Les affrontements, ô combien nombreux, sont plaisants, parfois jouissifs, et font honneur aux films (surtout les deux premiers) avec cette approche gore propre à la saga. Sans grande surprise, l’intelligence artificielle des ennemis n’est là que pour leur donner vie, et compense par le nombre leur manque de réactivité. Même les combats de boss qui devraient sublimer l’expérience ne tirent que trop rarement leur épingle du jeu, sans pour autant démériter. Fort heureusement, le bestiaire est suffisamment varié pour épicer les combats. Faire respecter la loi dans le sang et la bonne humeur donnera des frissons aux fans, et c’est bien là l’essentiel.
Avant de faire parler la poudre, Alex Murphy enquête et passe au peigne fin les différentes scènes de crime afin d’y dénicher des indices susceptibles de faire progresser l’intrigue. Sur le papier, cette volonté de faire de RoboCop un véritable agent des forces de l’ordre et non un simple “tank” est louable. Cependant, le plaisir des premières investigations laisse rapidement place à ce sentiment tenace de faire encore et toujours la même chose. Rien n’évolue de ce côté-là du début à la fin de l’aventure. La police enquête ici pour pouvoir passer à la prochaine étape du récit, rien de plus.

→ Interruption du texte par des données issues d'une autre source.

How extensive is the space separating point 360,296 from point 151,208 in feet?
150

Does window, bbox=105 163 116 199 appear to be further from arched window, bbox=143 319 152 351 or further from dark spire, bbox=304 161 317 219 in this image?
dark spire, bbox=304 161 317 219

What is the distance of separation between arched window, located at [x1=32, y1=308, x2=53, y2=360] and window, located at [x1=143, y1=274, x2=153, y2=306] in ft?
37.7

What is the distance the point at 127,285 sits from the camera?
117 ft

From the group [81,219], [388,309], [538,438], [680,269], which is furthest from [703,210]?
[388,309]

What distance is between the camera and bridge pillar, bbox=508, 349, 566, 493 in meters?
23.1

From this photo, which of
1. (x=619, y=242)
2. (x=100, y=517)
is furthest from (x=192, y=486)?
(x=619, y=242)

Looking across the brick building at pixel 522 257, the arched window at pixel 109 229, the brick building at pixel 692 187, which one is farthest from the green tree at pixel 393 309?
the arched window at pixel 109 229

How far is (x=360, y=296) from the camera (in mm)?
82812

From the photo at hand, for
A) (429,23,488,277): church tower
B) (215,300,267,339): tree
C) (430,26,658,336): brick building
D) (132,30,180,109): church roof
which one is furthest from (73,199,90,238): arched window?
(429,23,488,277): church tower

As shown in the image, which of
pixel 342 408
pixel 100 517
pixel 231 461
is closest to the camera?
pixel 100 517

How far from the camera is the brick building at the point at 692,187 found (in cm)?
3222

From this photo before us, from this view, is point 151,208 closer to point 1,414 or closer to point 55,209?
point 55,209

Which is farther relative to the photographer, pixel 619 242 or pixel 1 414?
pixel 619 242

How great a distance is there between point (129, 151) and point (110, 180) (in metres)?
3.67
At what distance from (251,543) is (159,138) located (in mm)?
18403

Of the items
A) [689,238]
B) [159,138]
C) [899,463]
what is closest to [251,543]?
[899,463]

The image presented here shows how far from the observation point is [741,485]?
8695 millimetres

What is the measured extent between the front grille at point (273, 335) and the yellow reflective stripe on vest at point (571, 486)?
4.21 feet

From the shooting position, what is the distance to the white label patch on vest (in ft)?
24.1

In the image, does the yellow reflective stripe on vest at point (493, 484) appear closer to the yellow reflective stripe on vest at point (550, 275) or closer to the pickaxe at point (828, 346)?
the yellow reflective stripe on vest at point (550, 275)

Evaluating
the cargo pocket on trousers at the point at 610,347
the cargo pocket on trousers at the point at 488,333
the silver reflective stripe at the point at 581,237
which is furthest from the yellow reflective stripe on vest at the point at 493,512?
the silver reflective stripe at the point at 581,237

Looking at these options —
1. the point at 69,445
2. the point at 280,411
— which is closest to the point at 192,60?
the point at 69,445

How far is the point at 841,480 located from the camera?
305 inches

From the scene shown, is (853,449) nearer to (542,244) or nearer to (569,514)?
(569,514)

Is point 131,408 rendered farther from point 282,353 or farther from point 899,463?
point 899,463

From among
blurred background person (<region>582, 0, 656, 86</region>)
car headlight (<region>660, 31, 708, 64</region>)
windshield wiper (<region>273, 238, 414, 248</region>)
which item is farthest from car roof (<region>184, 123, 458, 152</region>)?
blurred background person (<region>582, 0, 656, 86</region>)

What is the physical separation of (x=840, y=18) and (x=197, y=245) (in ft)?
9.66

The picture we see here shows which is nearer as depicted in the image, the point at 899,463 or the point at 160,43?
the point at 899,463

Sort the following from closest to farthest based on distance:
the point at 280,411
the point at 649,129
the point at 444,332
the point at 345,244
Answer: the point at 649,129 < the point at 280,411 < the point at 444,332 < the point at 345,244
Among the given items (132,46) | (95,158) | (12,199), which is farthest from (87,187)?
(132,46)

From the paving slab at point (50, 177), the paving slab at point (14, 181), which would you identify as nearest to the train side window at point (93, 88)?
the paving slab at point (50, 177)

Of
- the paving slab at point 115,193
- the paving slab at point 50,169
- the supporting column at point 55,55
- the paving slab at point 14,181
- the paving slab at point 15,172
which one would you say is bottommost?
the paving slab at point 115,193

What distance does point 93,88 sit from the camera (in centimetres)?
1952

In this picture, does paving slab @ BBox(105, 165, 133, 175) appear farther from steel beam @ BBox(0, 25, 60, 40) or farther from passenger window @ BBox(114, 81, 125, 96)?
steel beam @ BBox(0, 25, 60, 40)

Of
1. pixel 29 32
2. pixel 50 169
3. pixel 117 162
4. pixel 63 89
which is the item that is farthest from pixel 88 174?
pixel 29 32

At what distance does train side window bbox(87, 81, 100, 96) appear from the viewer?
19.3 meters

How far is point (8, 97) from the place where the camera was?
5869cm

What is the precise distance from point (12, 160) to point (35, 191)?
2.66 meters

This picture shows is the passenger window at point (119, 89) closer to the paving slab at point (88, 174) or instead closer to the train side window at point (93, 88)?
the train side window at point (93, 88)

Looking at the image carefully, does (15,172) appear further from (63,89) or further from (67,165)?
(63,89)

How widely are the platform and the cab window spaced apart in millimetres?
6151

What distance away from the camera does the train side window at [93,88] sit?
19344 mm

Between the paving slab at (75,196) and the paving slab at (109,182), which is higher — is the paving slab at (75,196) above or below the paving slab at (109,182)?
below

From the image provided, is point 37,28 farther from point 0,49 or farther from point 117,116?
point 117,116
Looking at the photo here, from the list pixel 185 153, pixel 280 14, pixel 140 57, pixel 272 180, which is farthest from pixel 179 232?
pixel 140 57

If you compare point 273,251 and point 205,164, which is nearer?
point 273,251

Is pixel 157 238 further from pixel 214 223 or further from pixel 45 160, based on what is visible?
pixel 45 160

L’ajout de mécaniques de jeu de rôle est devenu une prérogative en 2023, même pour les FPS “à l’ancienne”, et RoboCop : Rogue City n’échappe pas à la règle. Teyon permet à notre policier cybernétique de gagner en expérience, de débloquer des aptitudes passives et actives, et d’améliorer sensiblement son arme de service via des items à dénicher dans les niveaux. Cet aspect RPG cherche à immerger les joueurs dans cet univers de science-fiction, mais n’a en réalité que peu d’impact sur l’expérience de jeu. RoboCop reste RoboCop envers et contre tous. Le reste n’est qu’illusion !
Conclusion
Points forts
- Une histoire parfaitement intégrée à la trilogie originale
- Le respect du lore
- Le fan service (Peter Weller, les armes, les lieux, les musiques, etc.)
- Les combats intenses et gores
- La ville dystopique de Détroit et ses zones semi-ouvertes
Points faibles
- La mise en scène peu inspirée
- L'IA des ennemis
- La dimension RPG sous-exploitée
- La redondance des objectifs et des investigations
Note de la rédaction
RoboCop : Rogue City est une adaptation respectueuse et efficace de l’illustre saga de science-fiction éponyme… ni plus ni moins. Le jeu de tir développé par Teyon et édité par Nacon applique scrupuleusement la formule du “FPS à l'ancienne”, non sans tenter de sortir des sentiers maintes fois battus avec plus ou moins de réussite. En définitive, RoboCop : Rogue City fera vibrer les fans de la franchise ainsi que tous les joueurs en quête d’action en provenance de 80’s. Mission accomplie (ou presque).